Atas fakta persidangan tersebut, hakim ketua yang memimpin sidang, Albertus Usada memutus bebas ibu tiga anak ini.

“Mengadili, menyatakan terdakwa Baiq Nuril Maknun tersebut di atas, tidak terbukti secara sah dan meyakinkan bersalah melakukan tindak pidana sebagaimana didakwa penuntut umum,” ujar Albertus membacakan putusan, Rabu, 26 Juli 2017, pukul 14.30 Wita.

Minta Keadilan

Jauh sebelum putusan dibacakan tersebut, Nuril sudah menjalani tahanan selama dua bulan tiga hari. “Saya menjalani masa tahanan baik tahanan Polres maupun di Lapas, itu dua bulan tiga hari,” ungkap Nuril.

Saat itu belum ada aktivis perempuan maupun media yang mengetahui kasus itu. Bahkan, Nuril juga dipecat secara halus dari sekolah tempatnya bekerja. SK honorer selanjutnya tidak lagi menggunakan namanya sebagai tenaga honorer di sana. HM berkuasa penuh untuk merekrut honorer.

“Semenjak rekaman tersebut beredar, dia (HM) melaporkan saya ke polisi, saya juga diberhentikan dari sekolah. SK saya enggak ada lagi untuk bekerja di sana,” terangnya.

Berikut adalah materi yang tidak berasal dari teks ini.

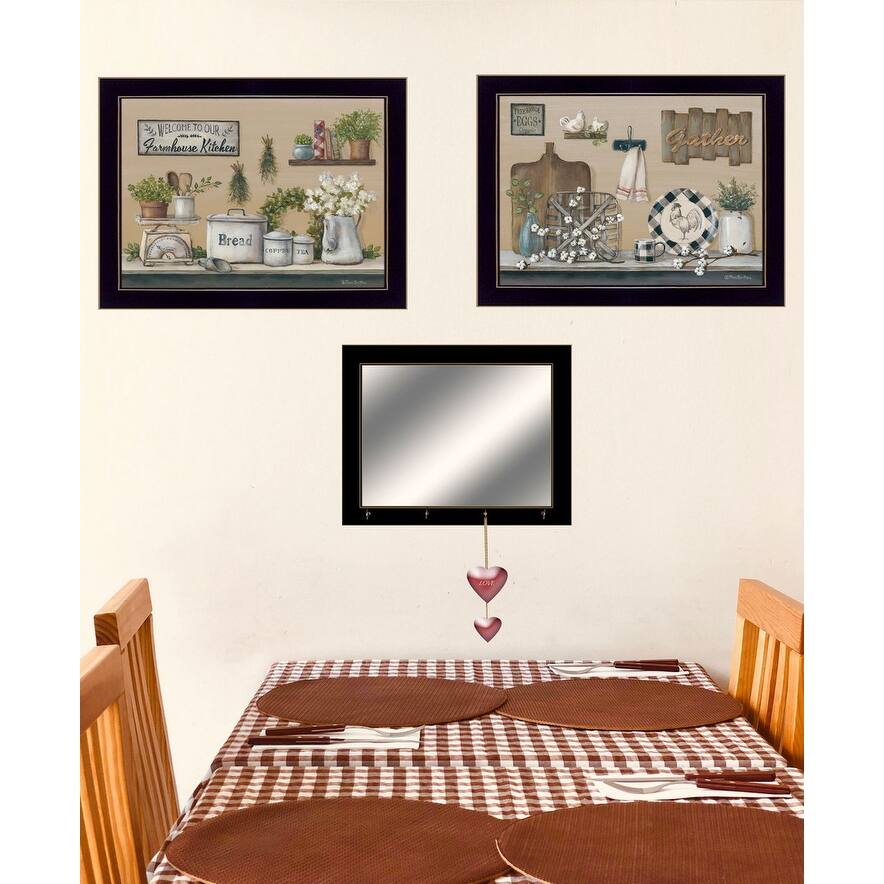 TrendyDecor4U Farmhouse "Farmhouse Kitchen" Framed Print Wall Art by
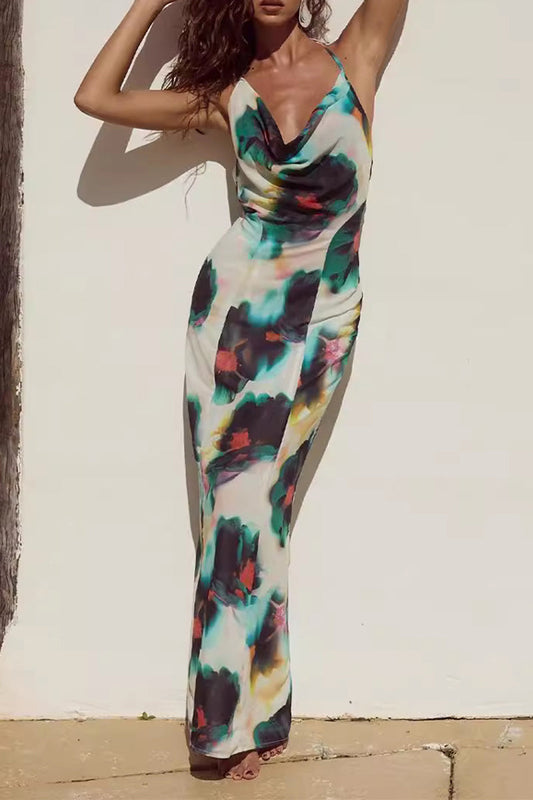 Vestidos sexis de falda de un solo paso con escote halter, espalda descubierta y encaje con estampado floral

Nuril hanyalah perempuan yang ingin keadilan. Sama seperti Agni di UGM atau Sum Kuning di zaman Orde Baru. Namun, justru tempat dia meminta keadilan tidak berpihak padanya.

Atas putusan bebas Nuril, Jaksa dari Kejaksaan Negeri Mataram mengajukan kasasi di Mahkamah Agung (MA). Ironisnya, putusan kasasi yang diterima belum lama ini menyatakan Nuril bersalah dan dipidana dengan enam bulan penjara dan denda Rp500 juta. Jika Nuril tidak membayar denda maka akan dipidana selama tiga bulan.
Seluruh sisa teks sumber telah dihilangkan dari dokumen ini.